In [1]:
import openai

import os

import pandas as pd

import random

In [2]:
openai.api_key = os.getenv("OPENAI_API_KEY")

In [3]:
def query_openai(model, prompt, max_tokens, temperature):
    response = openai.Completion.create(
        model=model,
        prompt=prompt,
        temperature=temperature,
        max_tokens=max_tokens,
        top_p=1,
        frequency_penalty=0,
        presence_penalty=0,
    )

    return response['choices'][0]['text']

query_openai('text-davinci-003', 'Adobe, empowering the world through', 3, 0.7)

' digital experiences\n'

### Load data from the CFT paper, and group test cases into two categories: warm vs. cold cities

In [4]:
CITIES_DATA = os.path.join(os.getcwd(), 'compositional-fine-tuning', 'data', 'testing', 'cities_domain', 'test_data_cities.csv')

In [5]:
df_cities = pd.read_csv(CITIES_DATA, index_col=0)

df_cities.head()

Unnamed: 0,city,country,continent,avg_temp,pop
1,Belize City,Belize,North America,26.7(80.1),0.1
2,Hamilton,Bermuda,North America,22.3(72.1),0.1
3,Calgary,Canada,North America,4.4(39.9),1.2
5,Halifax,Canada,North America,7.5(45.5),0.4
7,Ottawa,Canada,North America,6.6(43.9),1.0


In [6]:
WARM_THRESHOLD = 20
COLD_THRESHOLD = 10

warm_cities = [f"{row[1]['city']}, {row[1]['country']}" for row in df_cities.iterrows()\
               if float(row[1]['avg_temp'].split('(')[0].replace('−','-')) >= 20]

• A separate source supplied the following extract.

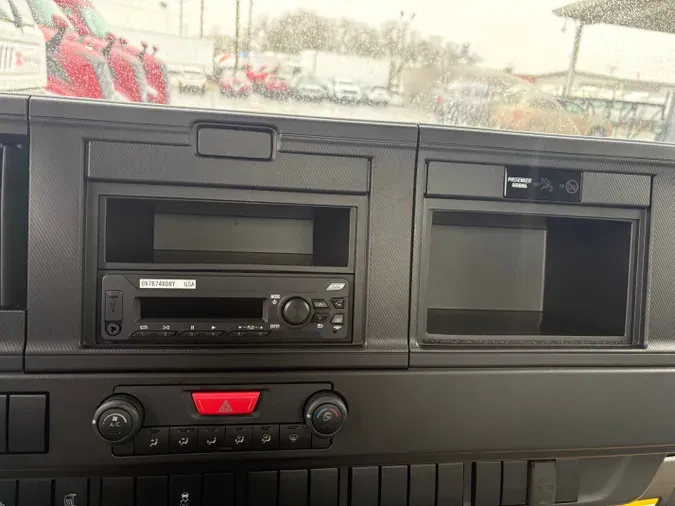 2026 ISUZU DIESEL NPR XD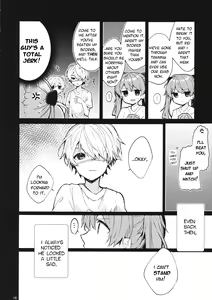 Page 19 of Soshite Usotsuki wa Koi o Shiru | And so, the Liar Learns Love - preview thumbnail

cold_cities = [f"{row[1]['city']}, {row[1]['country']}" for row in df_cities.iterrows()\
               if float(row[1]['avg_temp'].split('(')[0].replace('−','-')) <= 10]

len(warm_cities), len(cold_cities)

(112, 39)

In [7]:
warm_cities = random.sample(warm_cities, len(cold_cities))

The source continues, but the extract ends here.